Thank you for the useful tip. The situation looks very bad... the first address after the ISP's router is in the single class A network private range
1 _gateway (192.168.1.1) 1.920 ms 2.917 ms 2.879 ms
2 192.168.29.1 (192.168.29.1) 5.461 ms 5.427 ms 5.392 ms
3 10.196.8.1 (10.196.8.1) 6.791 ms 6.757 ms 6.725 ms
So is it impossible for me to run any kind of active server on this network since I don't have access to their CGNAT or whatever device they have on their end ?
Technically in the fine print of most consumer ISP contracts, the customer isn't allowed to run an active public server on the line anyway, so you're not going to get any help from the ISP to do so.
There are ways you could pay a third party to expose a public IP and VPN tunnel it back to your house, but if you're going to involve a third party you could also just rent a server.
There may be a loophole if they offer IPv6 and they don't CGNAT it or block incoming connections.
True, but I am not running a public server, I am just trying to setup a private VPN tunnel that only I can access... so that I can connect to my local home devices from a non-local connection.
Absolutely...
They do offer IPv6 but I haven't been able to access it via my router, that's another issue though, perhaps I will create a new thread for it.
I just found more info about Jio Fiber on this reddit post:
Jio is using
Deep packet inspection
Carrier-grade NAT
Poorly configured stateful IPv6
(...)
WAN is assigned in a stateful manner, with only a /128 address being given to your router.
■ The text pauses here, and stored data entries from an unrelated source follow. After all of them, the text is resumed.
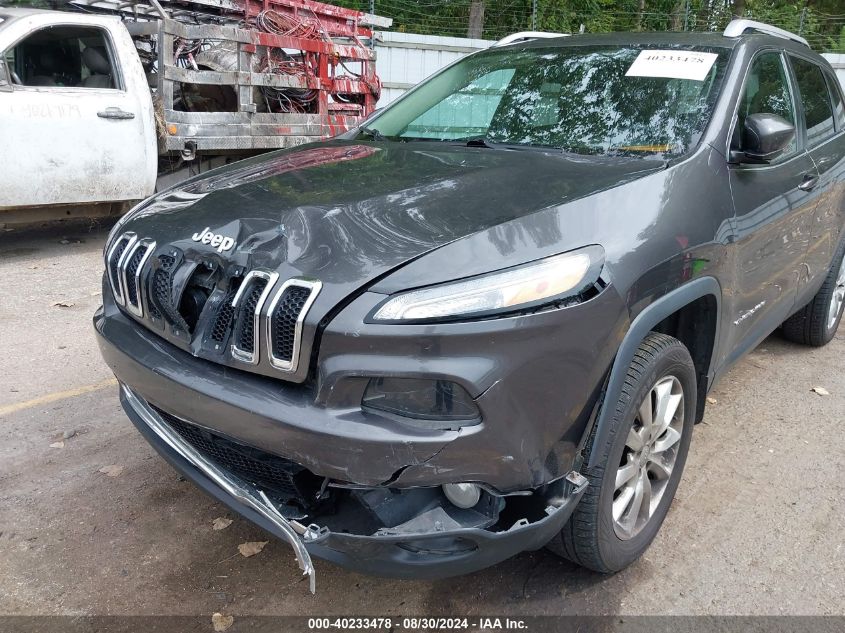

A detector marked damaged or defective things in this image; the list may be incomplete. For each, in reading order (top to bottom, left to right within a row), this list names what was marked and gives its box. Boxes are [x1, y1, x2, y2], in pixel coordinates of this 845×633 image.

damaged hood [120, 139, 664, 300]
broken headlight housing [372, 242, 604, 320]
broken headlight housing [362, 378, 482, 428]
crumpled front bumper [120, 386, 588, 588]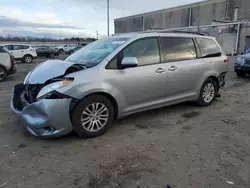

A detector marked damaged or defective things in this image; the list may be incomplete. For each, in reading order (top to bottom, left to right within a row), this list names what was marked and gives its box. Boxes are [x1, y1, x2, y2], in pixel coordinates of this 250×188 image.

damaged front end [11, 60, 83, 138]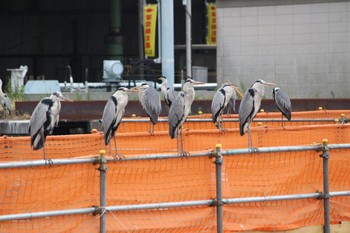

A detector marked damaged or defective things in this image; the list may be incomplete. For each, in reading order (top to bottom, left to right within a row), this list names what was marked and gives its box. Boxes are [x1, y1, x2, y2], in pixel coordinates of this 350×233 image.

rusty metal surface [15, 98, 348, 121]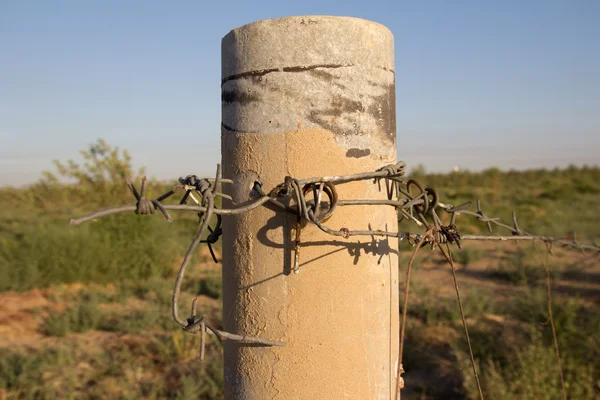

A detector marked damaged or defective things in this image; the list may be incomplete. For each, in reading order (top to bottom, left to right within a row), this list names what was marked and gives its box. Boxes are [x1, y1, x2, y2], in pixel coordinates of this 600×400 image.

rusty barbed wire [71, 160, 600, 396]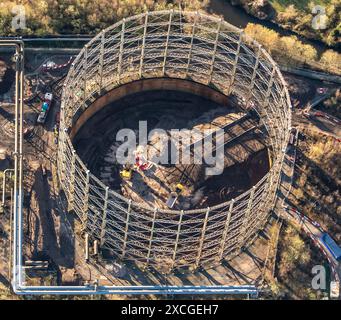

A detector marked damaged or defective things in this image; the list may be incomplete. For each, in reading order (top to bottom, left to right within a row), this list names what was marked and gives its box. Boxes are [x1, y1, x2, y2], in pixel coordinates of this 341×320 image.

rusty steel structure [57, 11, 290, 274]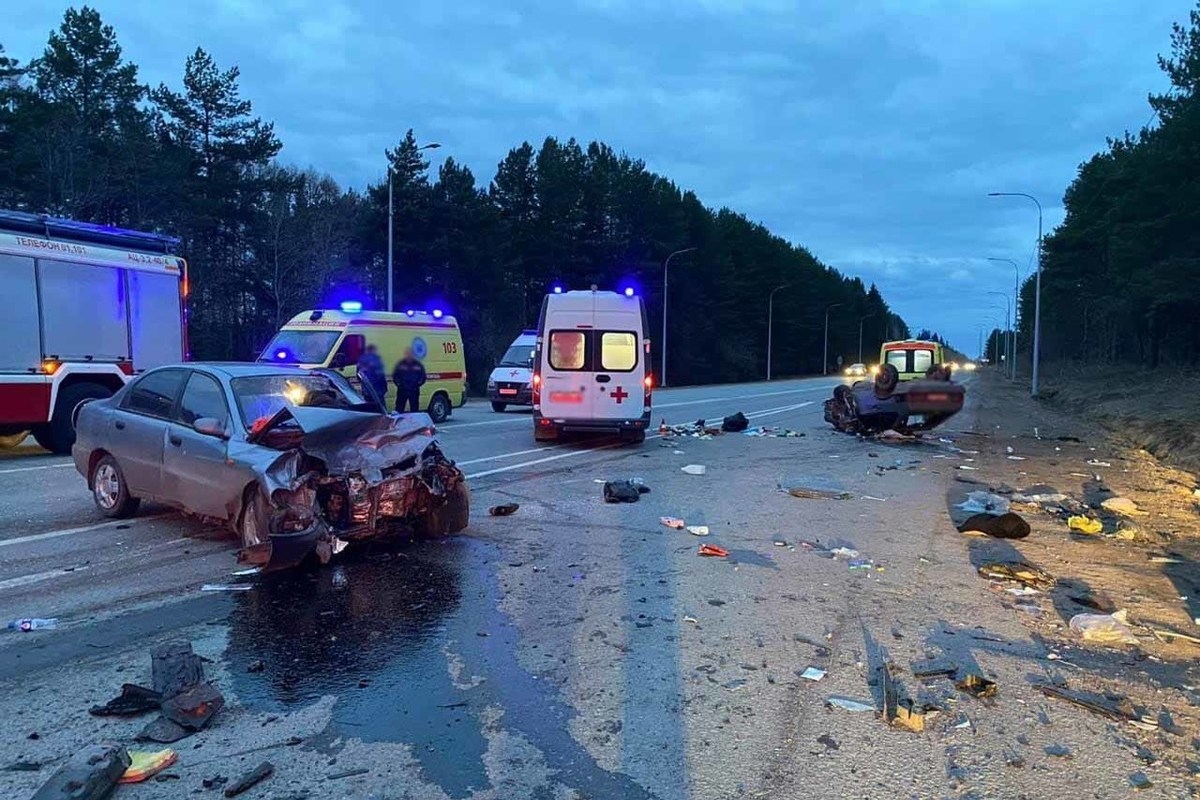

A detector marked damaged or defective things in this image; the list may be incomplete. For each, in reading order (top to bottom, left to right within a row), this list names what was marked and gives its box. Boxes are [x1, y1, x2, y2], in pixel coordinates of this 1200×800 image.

overturned vehicle [824, 364, 964, 434]
severely damaged sedan [824, 364, 964, 434]
severely damaged sedan [72, 362, 468, 568]
overturned vehicle [75, 362, 468, 568]
crushed car hood [237, 410, 438, 490]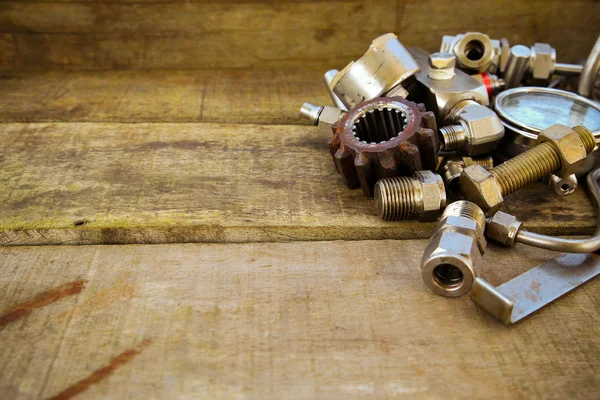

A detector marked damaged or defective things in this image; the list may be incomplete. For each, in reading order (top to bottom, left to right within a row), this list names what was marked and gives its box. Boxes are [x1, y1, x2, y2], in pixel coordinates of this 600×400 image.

rusty gear [330, 97, 438, 197]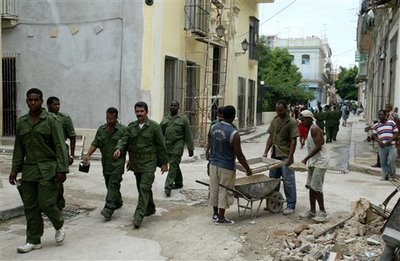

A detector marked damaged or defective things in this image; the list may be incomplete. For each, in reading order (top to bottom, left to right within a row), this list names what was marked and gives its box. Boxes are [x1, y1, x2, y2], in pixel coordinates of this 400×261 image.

peeling plaster wall [2, 0, 143, 128]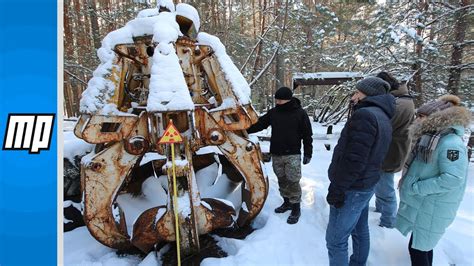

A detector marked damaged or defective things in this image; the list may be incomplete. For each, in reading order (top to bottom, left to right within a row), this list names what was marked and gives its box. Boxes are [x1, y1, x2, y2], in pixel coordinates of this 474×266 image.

rusted excavator grab bucket [73, 4, 266, 256]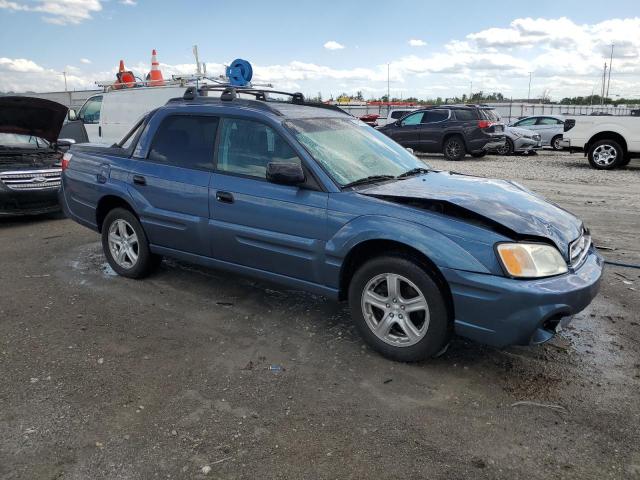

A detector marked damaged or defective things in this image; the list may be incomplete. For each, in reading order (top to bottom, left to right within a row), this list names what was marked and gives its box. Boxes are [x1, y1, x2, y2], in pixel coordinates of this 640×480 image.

damaged front bumper [440, 246, 604, 346]
broken headlight [498, 242, 568, 280]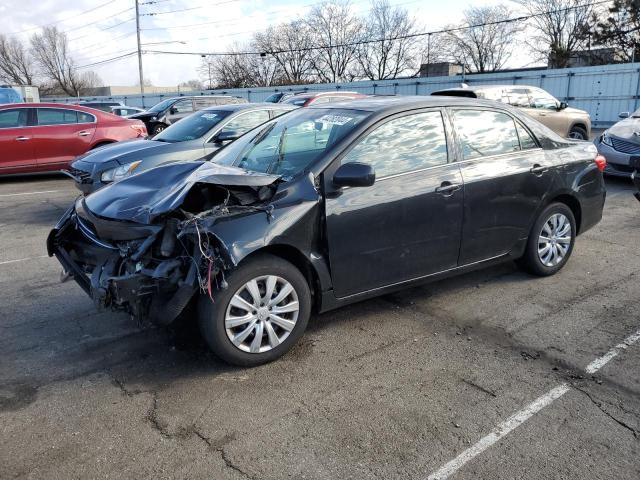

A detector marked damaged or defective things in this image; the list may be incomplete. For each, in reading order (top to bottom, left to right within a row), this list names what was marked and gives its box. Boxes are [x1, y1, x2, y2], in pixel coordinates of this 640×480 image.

crushed hood [608, 116, 640, 142]
broken headlight assembly [100, 161, 142, 184]
crushed hood [83, 159, 280, 223]
damaged black sedan [48, 97, 604, 368]
cracked pavement [0, 174, 636, 478]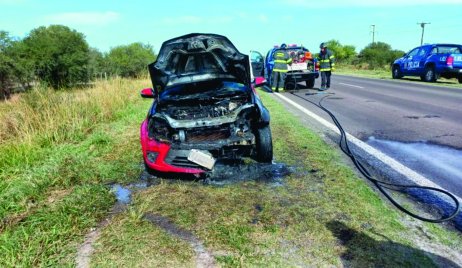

Your LAN is by default configured to be stateless, with a /64 prefix length. However your LAN prefix is not assigned by the ISP, but is instead assigned from a reserved linked-local IPv6 range defined in an outdated RFC. So you literally get none of the benefits of IPv6, and all of the downsides of IPv4, as a NAT is involved in your connection.
Bridging mode is completely broken. You still need to configure your WAN interface even when you want to bridge the Jio router to your own equipment.
It looks like the ISP is worse than I thought... at-least I used to get a dedicated dynamic IP with raw ethernet via PPPoE with my previous ISP
I've found Zerotier very useful as an ad-hoc VPN for remote access to equipment. It is an OpenWrt package. It works even when there is CGNAT on both ends of the link. They have a free account for small usage. Of course you have to fully trust the Zerotier company...
I have an ONT modem for my FTTP also but the authentication with my ISP done via PPPoE with a username password, My ISP was CGNAT but i pay an extra £5 for a Static IP Maybe ask Jio ISP for Static IP if they do.
That doesn't seem to be the case with Jio, a few users have reported using their own ONT modem but couldn't get it to work, I guess it is because they might be using some proprietary method that they developed in-house.
I checked, there are no customer offerings for a dedicated or static IP on a residential level, an employee of the ISP said that it is only available to enterprise/business clients (it was an answer to a Quroa question).
I chose this ISP because of their cheap price and bundled streaming services offerings.